In which cases trade secret protection may be beneficial?
While a decision will have to be taken on a case-by-case basis, in the following
circumstances, it would be advisable to consider trade secret protection:
 
 When the subject matter which has been kept secret is not patentable.
 When the likelihood is high that the information can be kept secret for a
considerable period of time. If the secret information consists of a patentable
invention, trade secret protection could be attractive if the secret can be kept
confidential for over 20 years (duration of patent protection) and if others are not
likely to come up with the same invention in a legitimate way.
 When the trade secret is not considered to be of such great value to be
deemed worth a patent (though a utility model may be a good alternative in
countries where utility model protection exists).
 When the secret relates to a manufacturing process rather than to a product,
as products would be more likely to be reverse engineered.
 Before filing a patent and during the patent prosecution process until the patent
application is published by the patent office (generally after 18 months from the
filing date or the priority date).
It is important to bear in mind, however, that trade secret protection may be more
difficult to enforce in most countries, that the conditions for, and scope of, its protection
may vary significantly from country to country and that significant and possibly costly
efforts to preserve secrecy may be required. Further, it has to be kept in mind that, once
the secret is made public, the protection ends. WIPO Lex provides easy access to
national and regional legislation on patents, utility models, competition and undisclosed
information (trade secrets).
Which precautionary measures should be taken by business?
Trade secrets are widely used by business. In fact, many companies rely heavily on
trade secrets for the protection of their intellectual property (although in many cases,
they may not even be aware that trade secrets are legally protected). Known examples
are the Coca Cola formula and sources codes for software. It is important, therefore, to
make sure that enterprises take all necessary measures to protect their trade secrets
effectively. This includes:
 Firstly, considering whether the secret is patentable and, if so, whether it would
not be better protected by a patent.
 Secondly, making sure that a limited number of persons know the secret and
that all those who do are well aware that it is confidential information.
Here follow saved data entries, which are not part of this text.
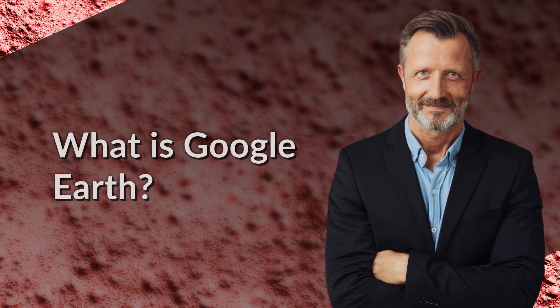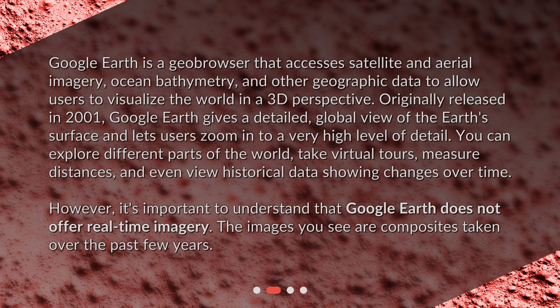What is Google Earth? Google Earth is a geobrowser that accesses satellite and aerial imagery, ocean bathymetry, and other geographic data to allow users to visualize the world in a 3D perspective. Originally released in 2001, Google Earth gives a detailed, global view of the Earth's surface and lets users zoom in to a very high level of detail. You can explore different parts of the world, take virtual tours, measure distances, and even view historical data showing changes over time. However, it's important to understand that Google Earth does not offer real-time imagery. The images you see are composites taken over the past few years.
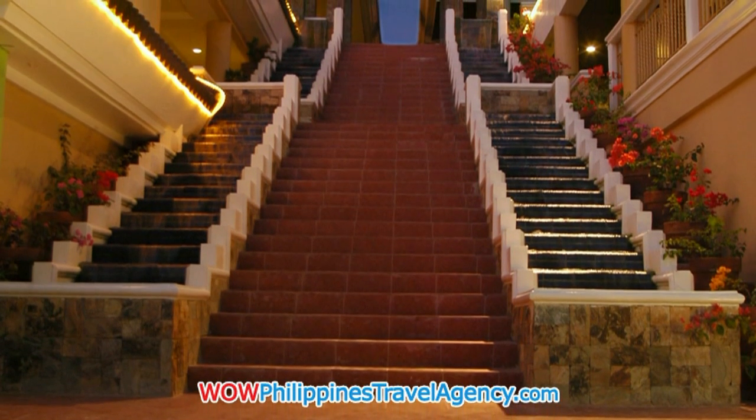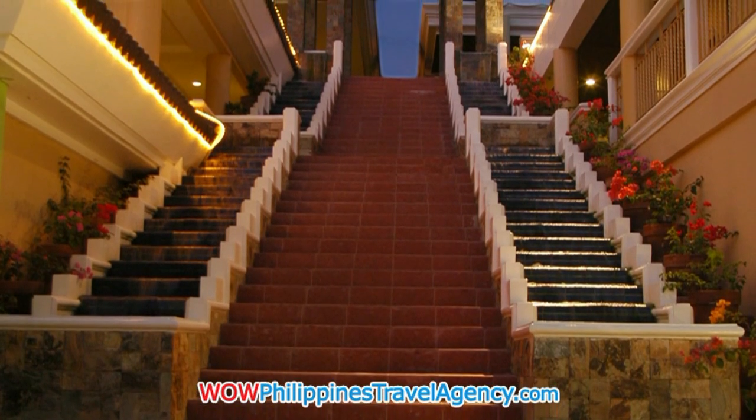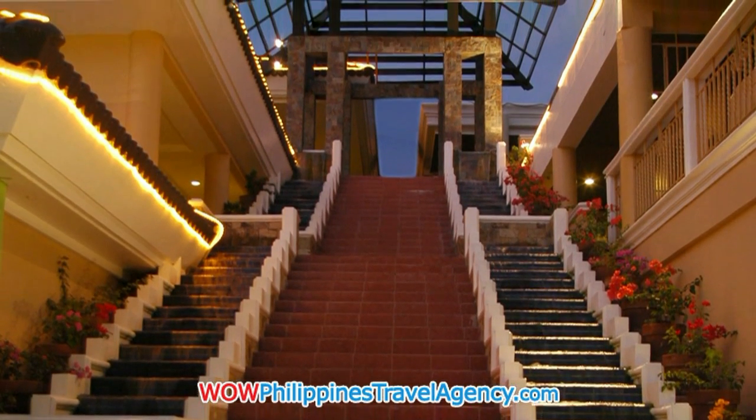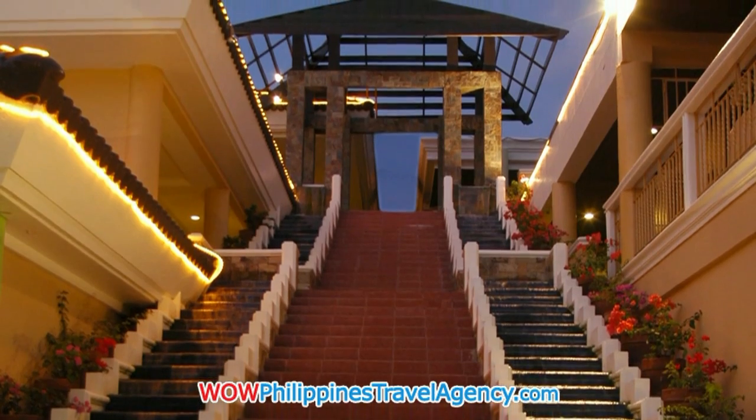Here you see the grand staircase, which is located on the beach path and is probably one of the most photographed features of the Regency Hotel. It's absolutely beautiful.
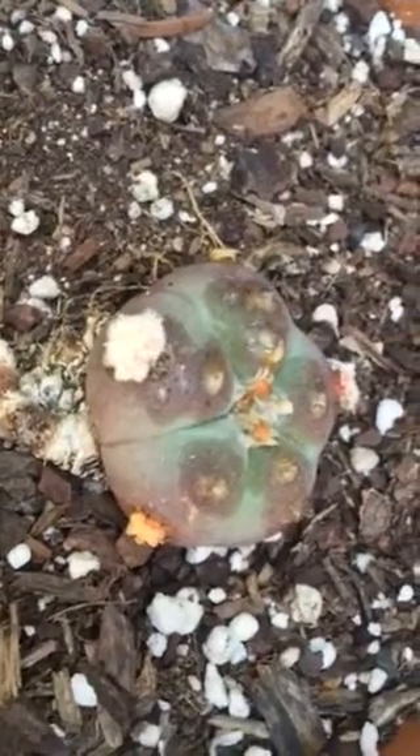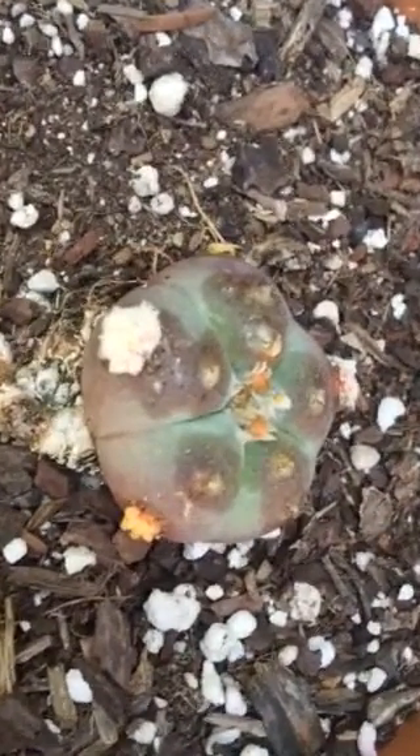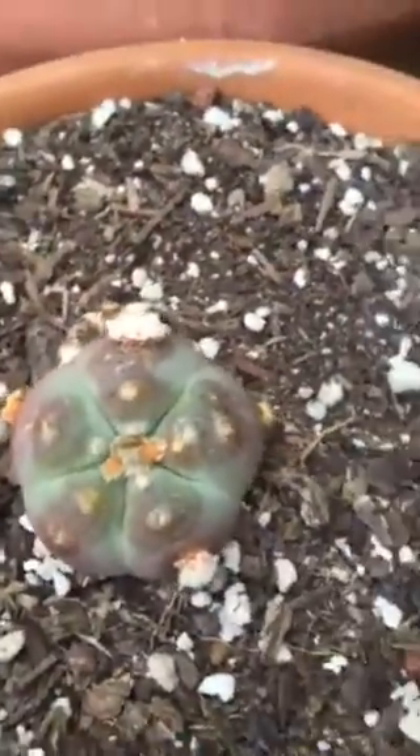I want to show you the progress on the little peyote cactus that I treated with the butyric acid. It looks like it's creating flowers.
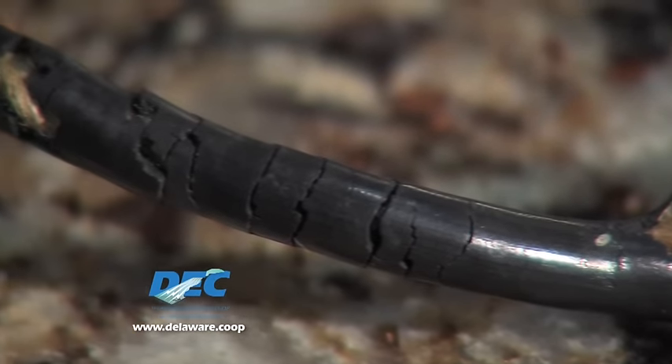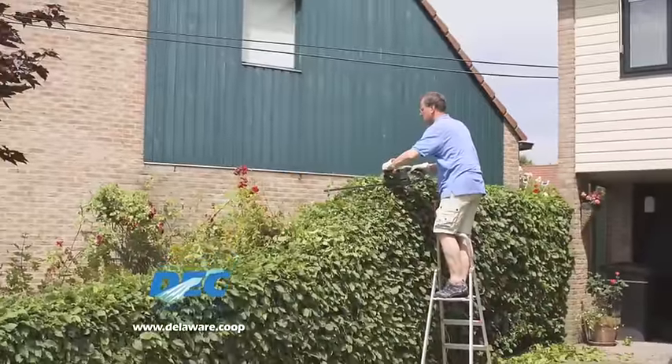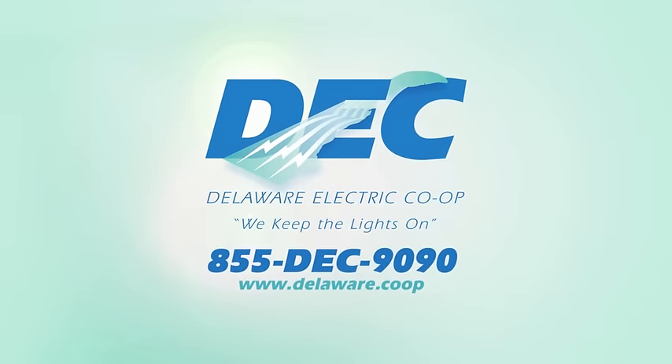Replace worn or frayed power cords to avoid fire or electrocution. Never use a ladder within 10 feet of a power line. And finally, always call 811 before any digging project. Tips to stay safe and stay alive.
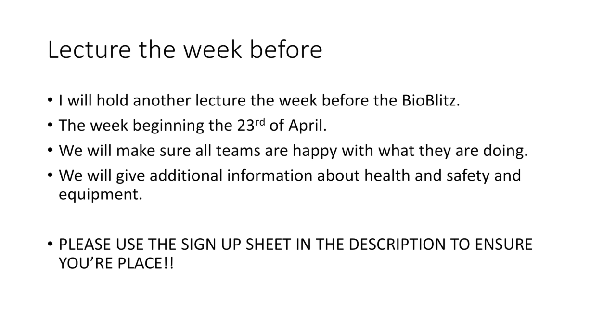There will be a lecture the week before — the week beginning the 23rd. If you sign up I'll give you that information. We'll make sure all the teams are happy with what they're doing, and I'll give additional information about health and safety and equipment. Please use the sign-up sheet in the description of this video to ensure your place — it helps me make sure we've got enough equipment for everybody and I can assign you to teams. Please sign up as soon as you can and share this video with anyone interested. Put your email address in and I'll confirm your place. It's going to be a great day — bring the family!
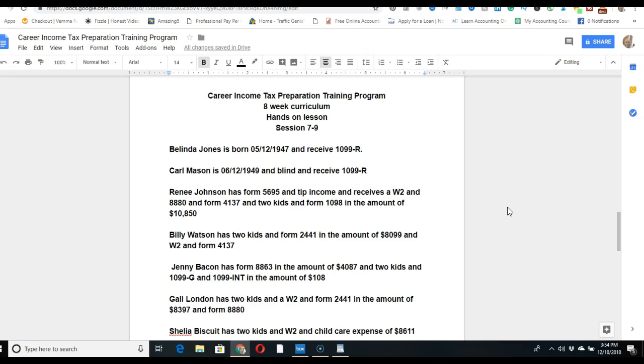The next scenario is Carl Mason. He's blind and also receives retirement income — a 1099. You'll get an email with his information that will allow you to prepare his return. You won't have to guess what applies to his situation on your own.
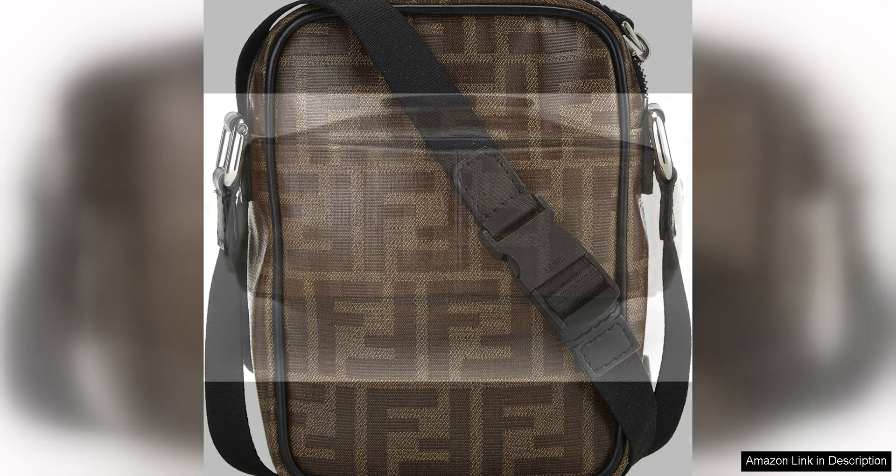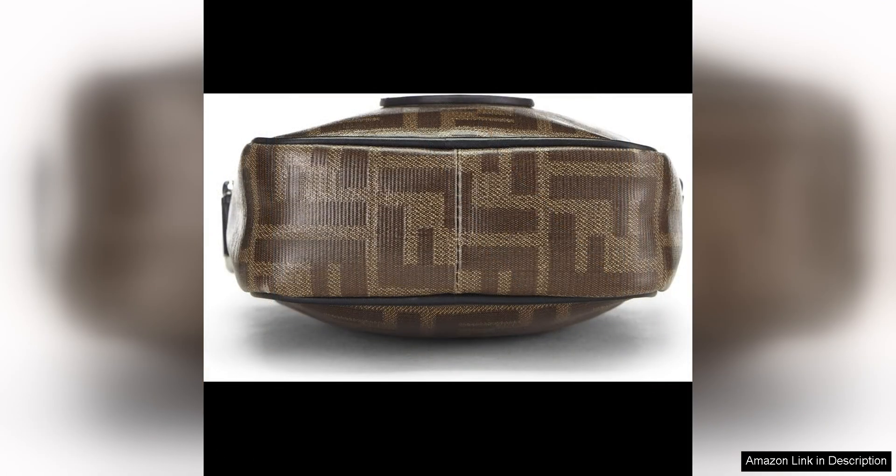As a pre-loved item, this Fendi bag has a unique, charming character that sets it apart from brand new pieces. The slight wear and patina on the coated canvas only add to its appeal, giving it a lived-in feel that adds to its overall allure.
For
example, such steps can include restricting access to buildings, marking
confidential documents and establishing IT security.
 Thirdly, including confidentiality agreements within employees’ contracts.
Under the law of many countries, however, employees owe confidentiality to their
employer even without such agreements. The duty to maintain confidentiality on
the employer’s secrets generally remains, at least for a certain period of time,
even after the employee has left the employment.
 Fourthly, signing confidentiality agreements with business partners whenever
disclosing confidential information.
What protection is provided against the use of secret information by employees
or former employees?
The business that holds the trade secret is responsible for making every effort it can to
keep it confidential. Employees can be required to sign agreements that protect trade
secrets. In particular, when contractors or employees leave, it is important to make sure
that they will not compete with the business after they leave, in addition to signing a
confidentiality agreement. Those agreements are known as confidentiality, non-
disclosure and non-compete contracts. If those agreements are violated, an
employee might face penalties, along with damages to the company. However, it has to
be kept in mind that those contracts should not restrict the contractor's or employees’
rights to earn a living.
Can more than one person have trade secret rights to the same information?
It is possible that more than one person or entities can claim rights to the same trade
secret on the same technology or commercial information if both independently
developed that technology and both take reasonable steps to keep it a secret, as long
as the technology is not “generally known”.